In a break with the past, when the company introduced one iPhone a year, Apple yesterday unveiled two new models. The iPhone 5C will cost $99 to $199 with a wireless contract and comes in five different colors. A high-end iPhone 5S with fingerprint-security features, a speedier processor and better camera will cost $199 to $399 and be available in three colors. The more expensive version also includes a separate chip, called the “M7 Motion co-processor”, which can track motion data continuously without heavily draining the battery.

That suggests better track sports and fitness-related user activity, now the domain of wearable devices like the wrist-worn Fitbit, and lets developers experiment with apps that make use of those functions.

The new iPhones will be available in stores on Sept. 20. The high-end 5S will also have Touch ID fingerprint-sensor technology that is located on the phone’s Home button, which people can use to unlock their phone and confirm purchases from iTunes and Apple’s app store.

The launch of two new iPhones will help Apple reach a total of 700 million iOS devices sold by next month, Tim Cook confidently predicted on Tuesday.

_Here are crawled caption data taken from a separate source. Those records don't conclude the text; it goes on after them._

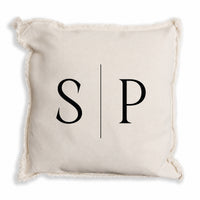Initials Line Personalized Pillow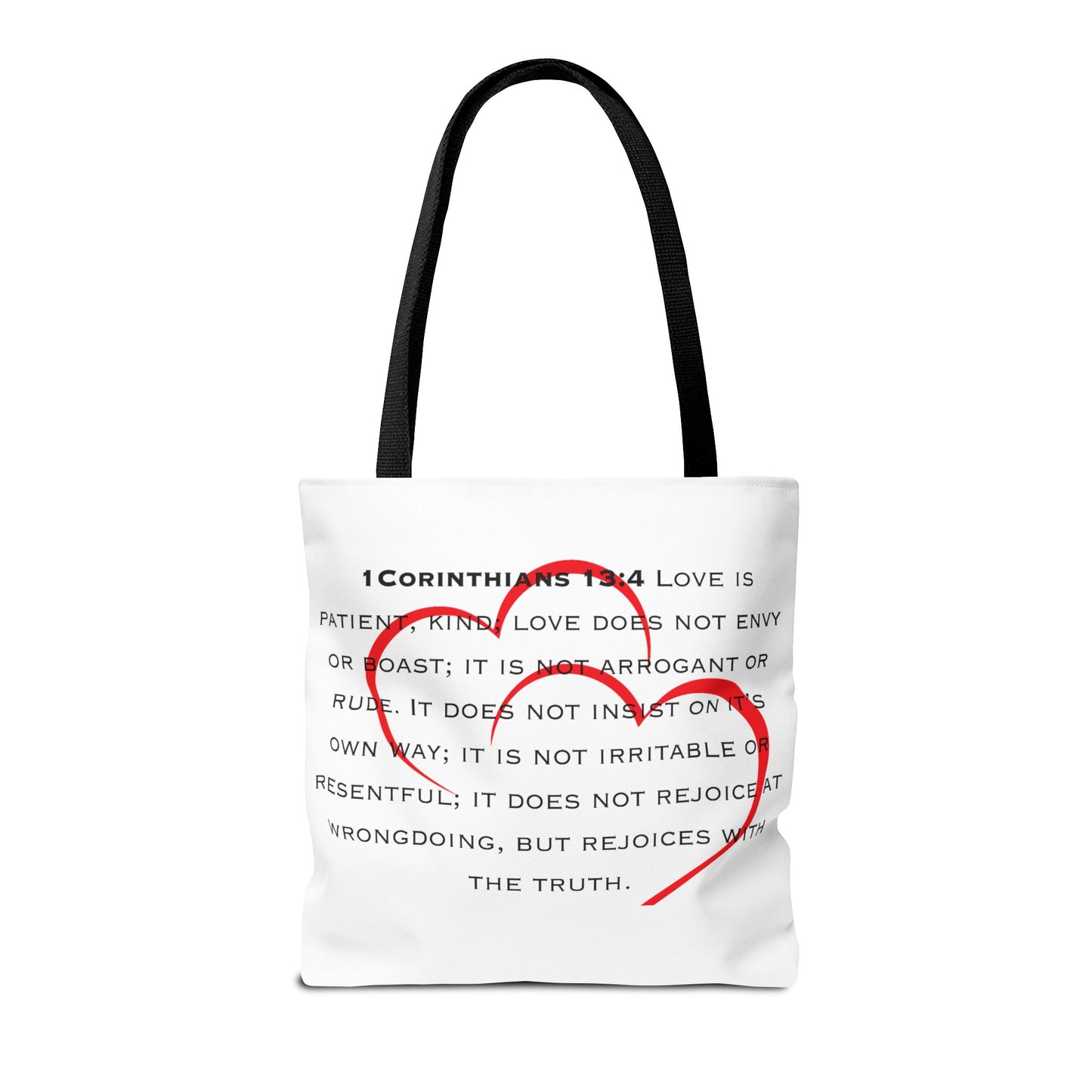 "1 Corinthians 13:4 Kind of Love", Tote Bag (AOP)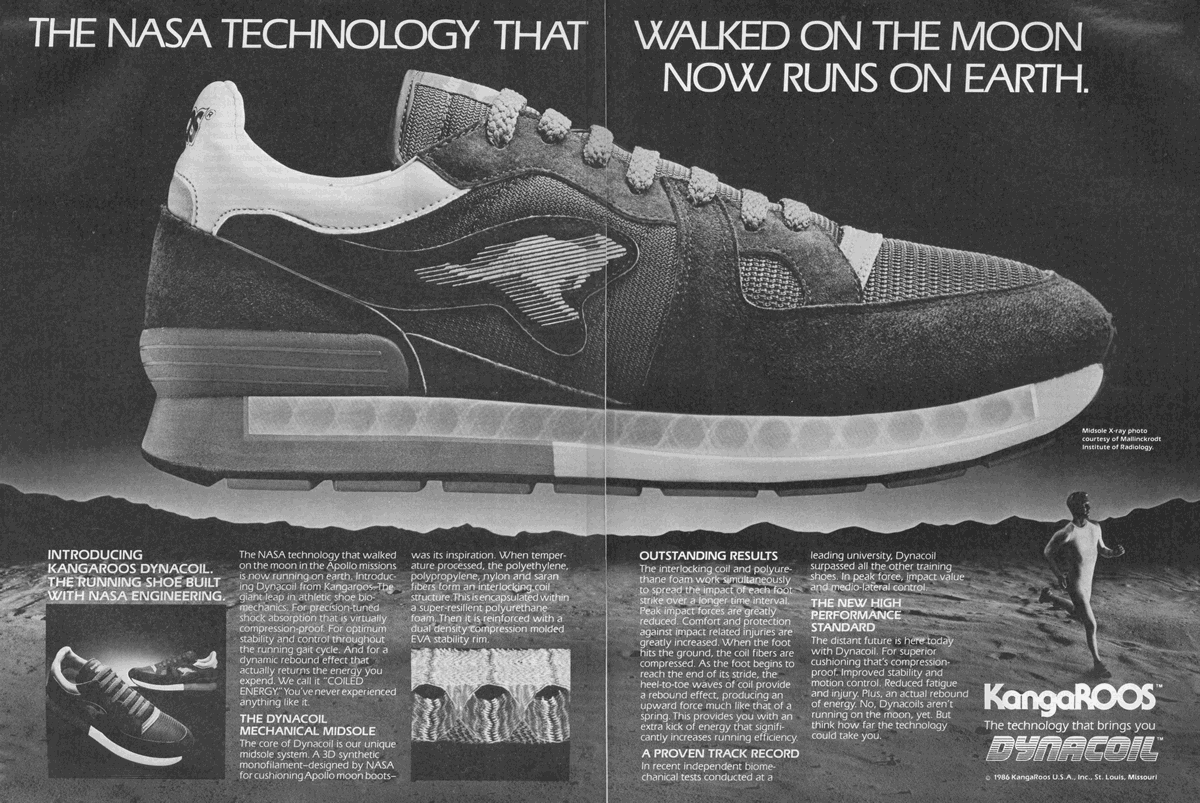 История беговой обуви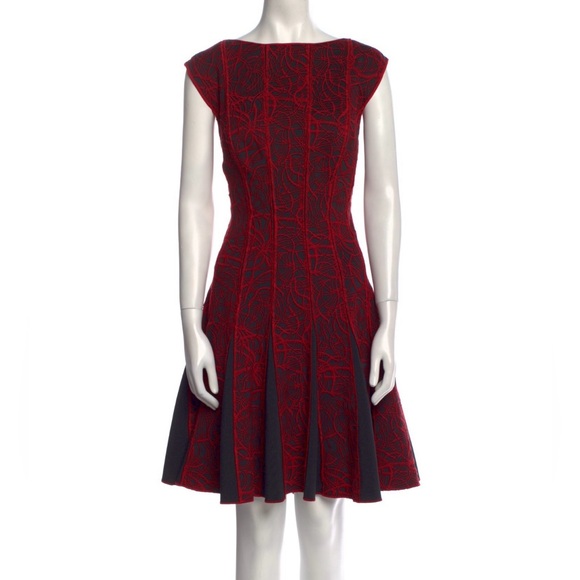Tadashi Shoji 🔥 Embroidered Pleated Knee-Length Mini Cocktail Party Dress - Picture 1 of 6
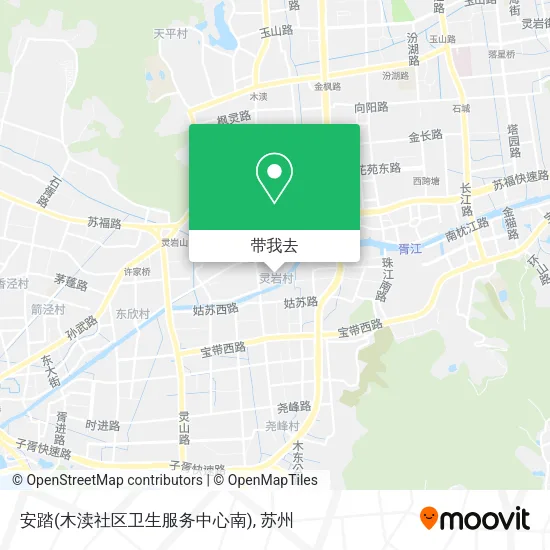 安踏(木渎社区卫生服务中心南)地图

But even with the new mid-range iPhone 5C added to its line-up, technology analysts seemed doubtful that Apple could match the 1 billion Android devices that Google has already sold.

Apple’s new strategy includes what seems like a repackaging of last year’s iPhone 5 in a new poly-carbonate casing that comes in blue, pink, green, yellow and white to become the iPhone 5C. The company isnt pricing the 5C as cheaply as competitors’ handsets, with the phone costing $549 and up without a two-year contract, according to Apple’s U.S. website, showing it’s unwilling to trade its industry-leading profit margins for increased market share.

In the second quarter of 2013, the smartphone segment in western Europe grew only 19% year on year, while in China and the Asia-Pacific region (excluding Japan), smartphones increased 75% from last year’s second quarter. However, Van Baker, an analyst with Gartner, said $550 was still way too high to be truly market-expanding for Apple, especially in China and emerging markets.

The company is planning to introduce new iPads later this year, people familiar with the plans have said to Bloomberg.

Apple shares sank 2.3% yesterday while being 23% down on 1 year basis.